At Wal-Mart, a majority win by disapproving shareholders would have been even more unusual, if not nearly unthinkable. The family controls a bit more than 50 percent of the company's shares.
What will be telling about investor sentiment, however, is the size of the minority votes for or against the various proposals. "To me, if it's over 20 percent opposed, it's a big result," says Charles Elson, director of the John L. Weinberg Center for Corporate Governance at the University of Delaware. "Corporations move with near unanimity. When you don't have that, it's a sign of a problem."
Wal-Mart has faced criticism on executive compensation most notably for making adjustments to its financial results that increased executive incentive pay, for the retention bonuses it awarded executives, and for retroactively granting shares that could have the potential to raise executives' payouts.
This controversy comes amid a tough period for the company's U.S. stores, which have seen five straight quarters of declining sales. Wal-Mart's stock has trailed the S&P 500 during the uneven economic recovery, as its customers have held back spending. Meanwhile the pension group CtW Investment conducted a "vote no" campaign against the company's compensation plan, and ISS also urged investors to vote against it. The influential proxy advisory firm ISS further advised against the re-election of two directors, former CEO Mike Duke and current chairman Rob Walton, citing complaints that the board hasn't disclosed enough about an ongoing probe into allegations of bribery in foreign markets.

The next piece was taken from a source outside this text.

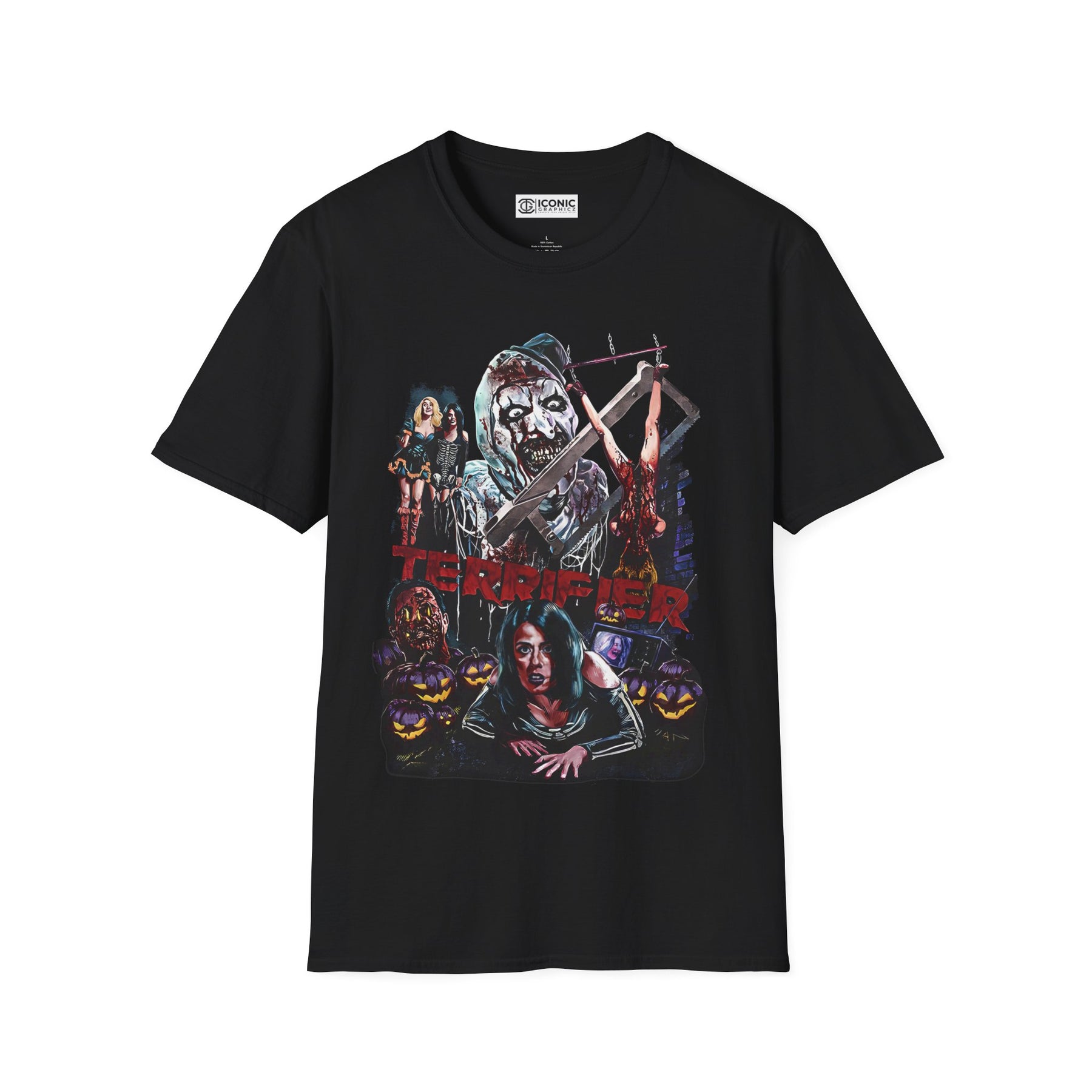 Terrifiers T-Shirt -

After ISS issued its recommendation, Wal-Mart fired back in a regulatory filing. It said that ISS's analysis "misconstrues the nature and operation of Walmart’s executive compensation program," which, it said, closely ties the interest of executives with those of shareholders. In the filing, Walmart wrote that the cash bonus of each of its top paid officers was "significantly less as compared to the prior year" and that performance share payouts were at the lowest levels in several years. It also said ISS's request for more disclosure on the investigation "could interfere with, or distract from, the ongoing investigations" and potentially harm the company's "future legal proceedings."